* **Data section**:
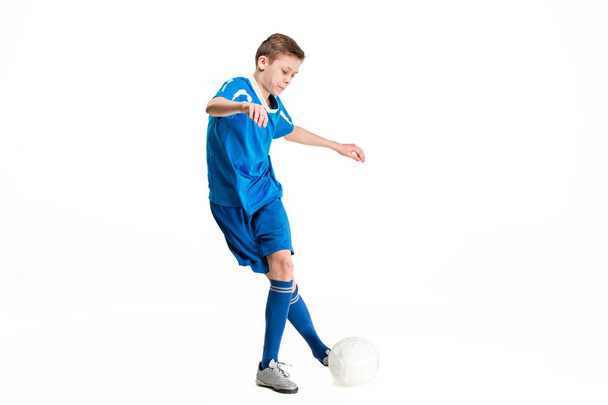 Young boy with soccer ball doing flying kick - Fotoğraf, Görsel
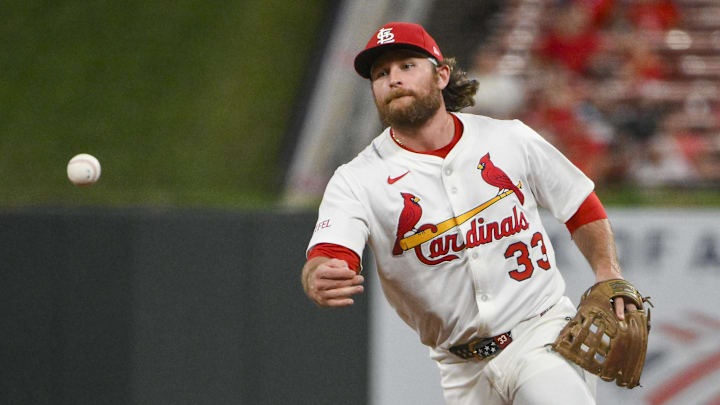 Aug 11, 2025; St. Louis, Missouri, USA;  St. Louis Cardinals second baseman Brendan Donovan (33) flips the ball to first base during the ninth inning against the Colorado Rockies at Busch Stadium. Mandatory Credit: Jeff Curry-Imagn Images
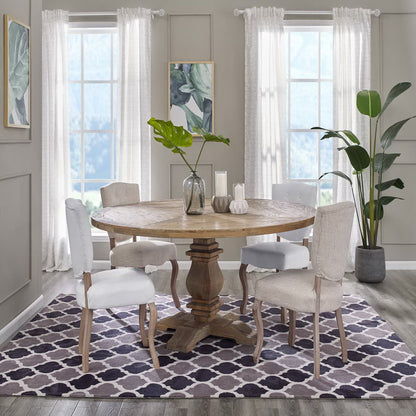 Round pine wood pedestal dining table with beige upholstered chairs; purple geometric trellis rug, leafy plants, and light gray walls.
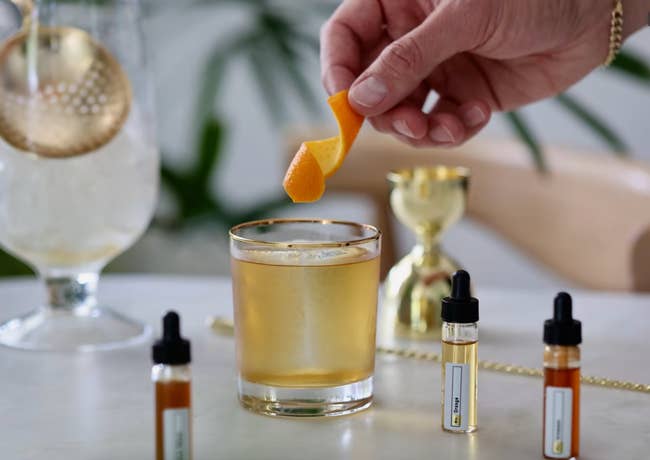 A hand garnishing a glass of cocktail with orange peel. Dropper bottles with various extracts are on the table. Luxurious setting with a gold jigger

* **What this task involves**: Line by line, give the material above again exactly, but without any pictures.

* **Written reply**:
 Young boy with soccer ball doing flying kick - Fotoğraf, Görsel
 Aug 11, 2025; St. Louis, Missouri, USA;  St. Louis Cardinals second baseman Brendan Donovan (33) flips the ball to first base during the ninth inning against the Colorado Rockies at Busch Stadium. Mandatory Credit: Jeff Curry-Imagn Images
 Round pine wood pedestal dining table with beige upholstered chairs; purple geometric trellis rug, leafy plants, and light gray walls.
 A hand garnishing a glass of cocktail with orange peel. Dropper bottles with various extracts are on the table. Luxurious setting with a gold jigger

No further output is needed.